◆ ACTIVITY:
The data below should be restated word for word, pictures omitted.

◆ GIVEN INFORMATION:
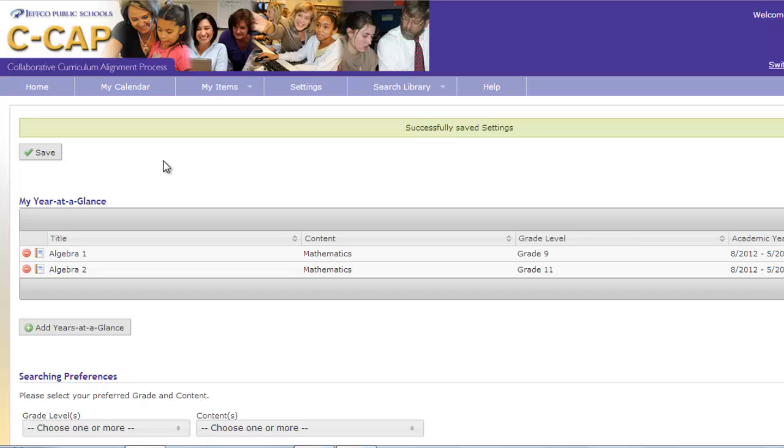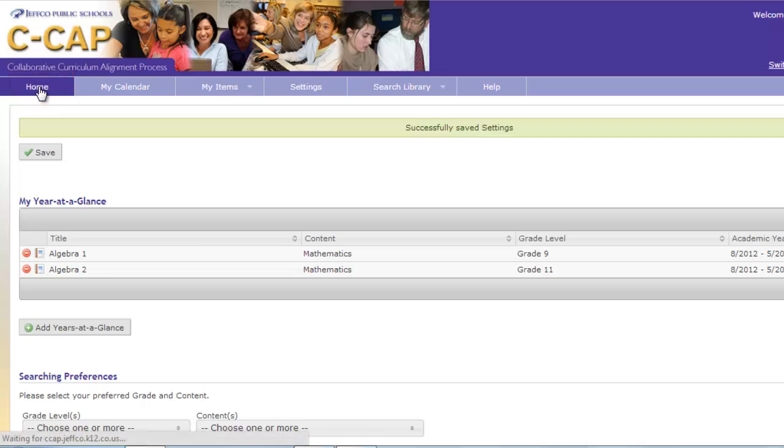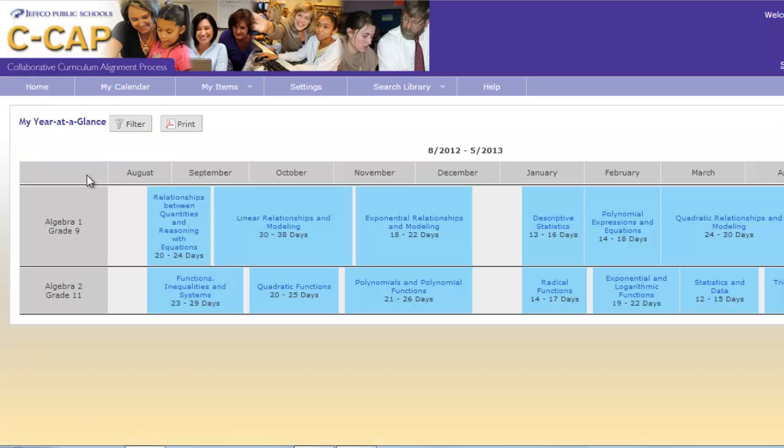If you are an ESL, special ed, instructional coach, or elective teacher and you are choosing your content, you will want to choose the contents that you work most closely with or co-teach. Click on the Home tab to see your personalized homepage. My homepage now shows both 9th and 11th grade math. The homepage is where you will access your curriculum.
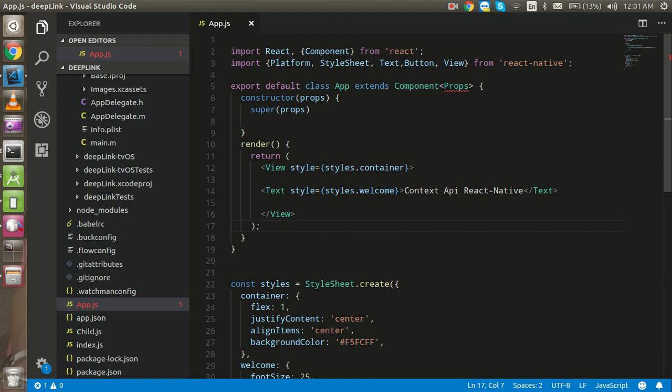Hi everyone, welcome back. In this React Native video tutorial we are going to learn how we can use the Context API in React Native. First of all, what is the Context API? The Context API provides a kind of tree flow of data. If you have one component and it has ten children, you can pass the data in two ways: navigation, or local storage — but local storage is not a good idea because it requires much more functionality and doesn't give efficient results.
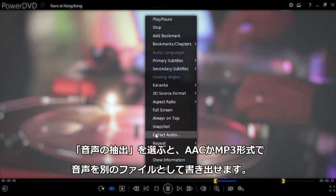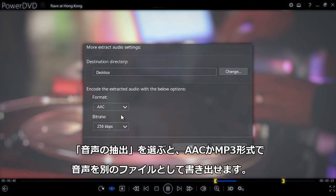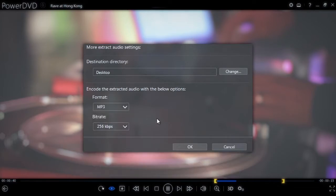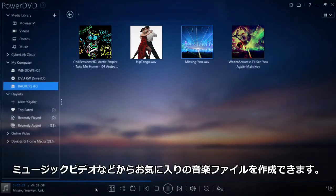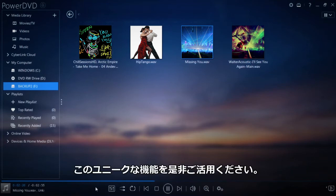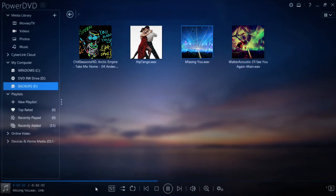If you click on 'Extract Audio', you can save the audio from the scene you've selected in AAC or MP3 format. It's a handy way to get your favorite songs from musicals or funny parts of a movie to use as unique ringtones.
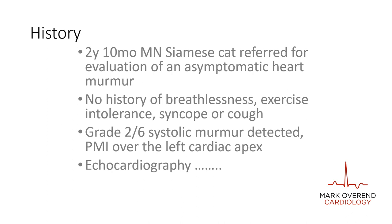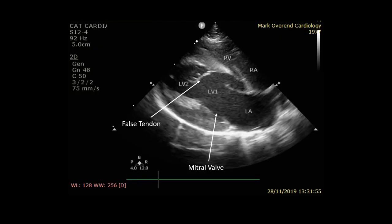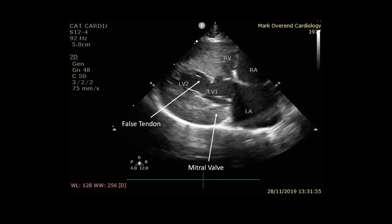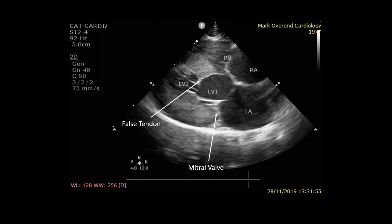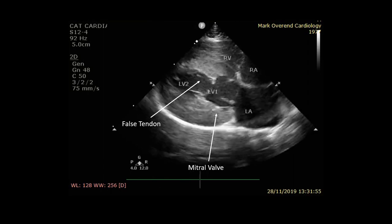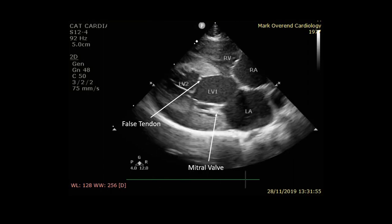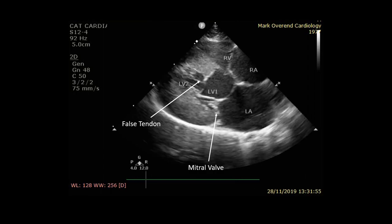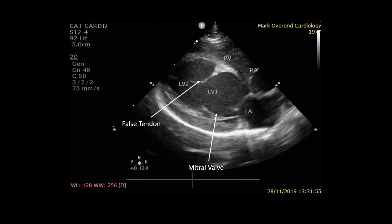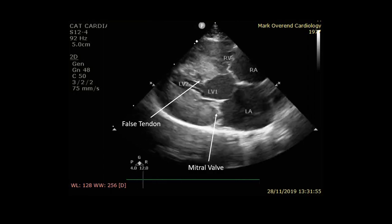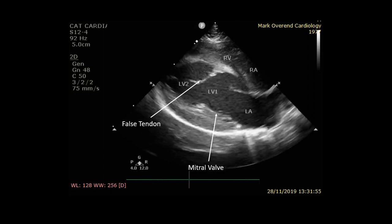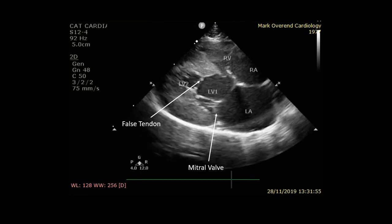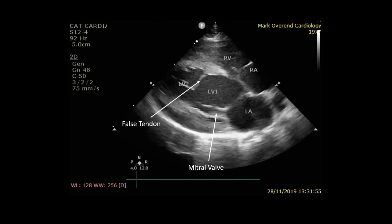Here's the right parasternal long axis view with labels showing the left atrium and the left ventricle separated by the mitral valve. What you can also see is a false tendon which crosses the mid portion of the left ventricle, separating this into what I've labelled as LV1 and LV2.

◆ OUTPUT FOR THIS EXERCISE:
If you are an ESL, special ed, instructional coach, or elective teacher and you are choosing your content, you will want to choose the contents that you work most closely with or co-teach. Click on the Home tab to see your personalized homepage. My homepage now shows both 9th and 11th grade math. The homepage is where you will access your curriculum.
Hi everyone, welcome back. In this React Native video tutorial we are going to learn how we can use the Context API in React Native. First of all, what is the Context API? The Context API provides a kind of tree flow of data. If you have one component and it has ten children, you can pass the data in two ways: navigation, or local storage — but local storage is not a good idea because it requires much more functionality and doesn't give efficient results.
If you click on 'Extract Audio', you can save the audio from the scene you've selected in AAC or MP3 format. It's a handy way to get your favorite songs from musicals or funny parts of a movie to use as unique ringtones.
Here's the right parasternal long axis view with labels showing the left atrium and the left ventricle separated by the mitral valve. What you can also see is a false tendon which crosses the mid portion of the left ventricle, separating this into what I've labelled as LV1 and LV2.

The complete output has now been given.